RXファミリは同社の次世代CPUコア「RX」を搭載したマイコンであり、2009年3月に第1弾製品が製品化されている。
"RX62Nグループ"および"RX621グループ"は、32ビットの「RX600シリーズ」の性能に加え、イーサネットコントローラ、USB 2.0およびCANなどを搭載しており、多様な通信機能が要求されるビル管理、FA機器などの産業機器間の通信や、OA機器間の通信I/F用途での高性能、高機能と小型化を両立可能な製品。
イーサネットコントローラには、32ビットRISCマイコン「SuperHファミリ」で用いられてきたイーサネットMACを採用。IEEE802.3u規格のMII(Media Independent Interface)、RMII(Reduced Media Independent Interface)に対応し、10M/100MbpsのイーサネットLANへ接続することができる。

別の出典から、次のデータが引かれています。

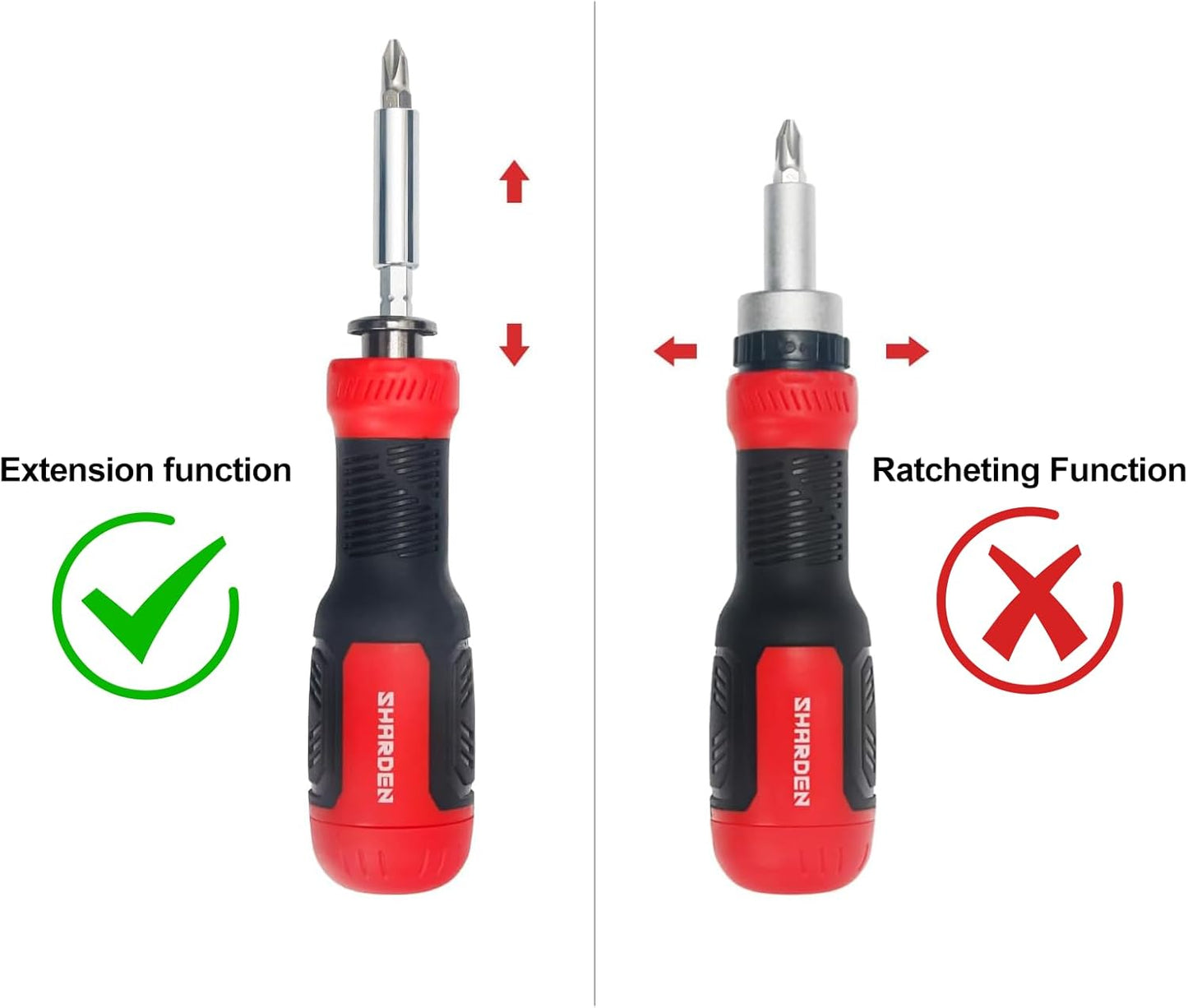 SHARDEN_Multi_Screwdriver_13-in-1_Screw_Driver_Adjustable_Screwdriver_Set_Multitool_All_in_One_with_Torx_Security,_Flat_Head,_Phillips,_Hex,_Square_and_1/4_Nut_Driver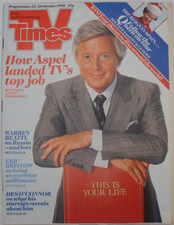 TV Times 1988 22 Oct, Vintage Advertising, How Michael Aspel Landed Tv's Top Job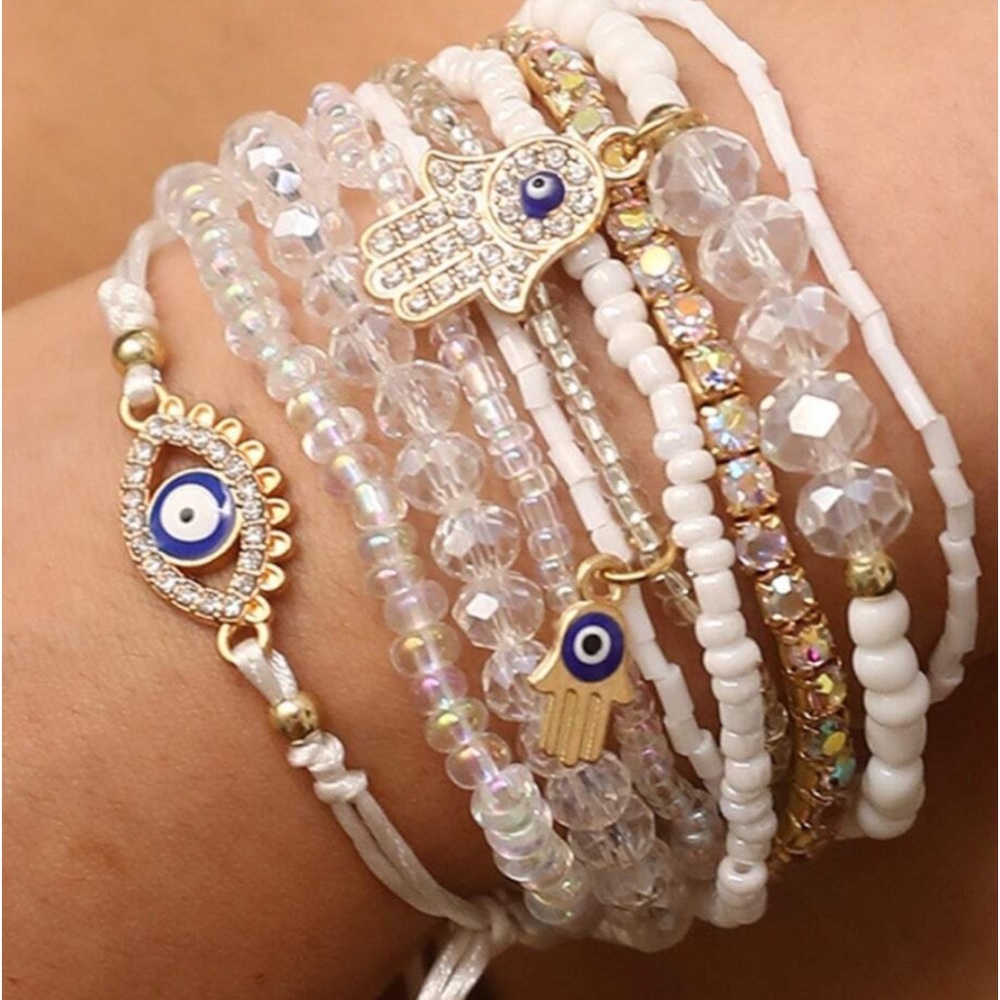 White Hamsa / Fatima / Evil Eye Bracelet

また、USB 2.0は、同社の従来マイコン「H8Sファミリ」「H8SXファミリ」および「M16Cファミリ」などのUSBファンクションを搭載した製品と比べてデータ転送タイプの追加、多エンドポイント化などの機能強化や、従来のCISCマイコンでは非対応であったホスト機能の追加が図られている。加えて、176ピン版の製品ではUSBを2チャネル搭載し、それぞれのチャネルは独立に機能設定、動作させることが可能だ。これにより、機器の機能・性能向上や、外付けUSBデバイスの削減によるシステムの小型化、コスト低減が可能となる。
RXは、約1.65MIPS/MHzを実現しており、100MHz時165MIPSを達成。従来の32ビットCISCマイコンと比較し、同一動作周波数時に約2倍の性能向上を実現しており、プログラム処理を高速化することができる。また、コード効率(プログラムメモリ効率)も、従来品比で30%以上向上しており、オブジェクトプログラムのサイズ低減が可能となる。加えて、CPUのコア電流は100MHz動作時に約50mA(typ.)で、1MHzあたりの消費電流としては、従来製品比1/2以下を実現しているほか、4種類の低消費電力モードを用意しており、用途に応じた消費電力モードを組み合わせて使用することが可能だ。
このほか、プログラム格納用として、最大512KBながら100MHzでの1サイクルアクセスが可能な高速フラッシュメモリを内蔵。90nmプロセスと独自技術である「MONOS(Metal Oxide Nitride Oxide Silicon)」型の採用により、従来の32ビットCISCマイコンと比べ約2倍の高速動作を実現しており、高速動作時においてもCPUの性能を最大限に引き出すことが可能だ。
また、電源ダウン時に機器のステータス情報を保持するデータ格納用として、32KBのBGO(Back Ground Operation機能)付データフラッシュメモリも搭載。これは、プログラムの実行中でも、並行してデータの書き込みが可能なため、プログラムの実行速度を落とすことなくデータの書き込みができるのが特長となっている。